Consider the following simplified example, where ArgCommand is the ancestor for commands which need to take an argument.

public abstract class Command {
    public abstract void execute(DukeContext ctx);
}
public abstract class ArgCommand extends Command {
    protected String arg;
    public abstract void parse(String inputStr);
}

Then from the main Duke class we have:

void setupAndRun(String inputStr, Command cmd) {
    cmd.execute();
}
void setupAndRun(String inputStr, ArgCommand cmd) {
    cmd.parse(inputStr);
    cmd.execute();
}

I know passing the string in the first function is superfluous but this is just a simplified example. Anyway, the problem now is, if I call setupAndRun(someArgCommand), will it trigger the first or second function? In general, is the most general or most specific function matched first? Or is it just a matter of which function is written first in the file? Or will this fail to compile completely?

Jefferson111 commented 5 years ago

I think you will be unable to compile as the method signature is the same.

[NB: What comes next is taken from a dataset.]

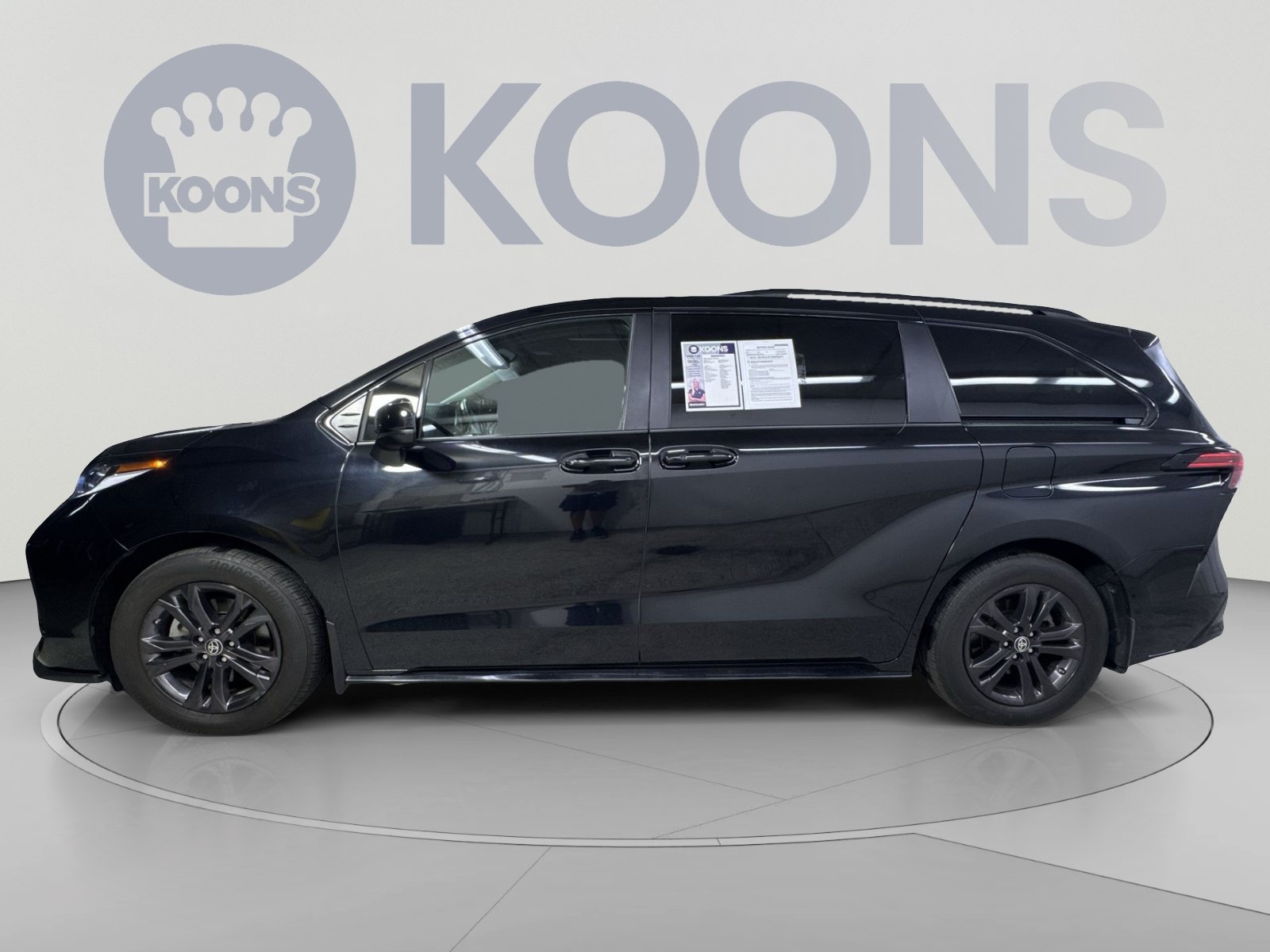 Used 2024 Toyota Sienna XSE w/ XSE Plus Package AWD/4WD image 17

aquohn commented 5 years ago

Oops sorry, I made a typo. They were meant to have different method signatures, with Command for one and ArgCommand for the other.

okkhoy commented 5 years ago

Does this answer your question: https://stackoverflow.com/questions/36722057/polymorphism-doesnt-work-in-method-arguments-in-java

aquohn commented 5 years ago

Alright, so overloading is resolved at compile time by checking the context of the invocation - got it. Thanks!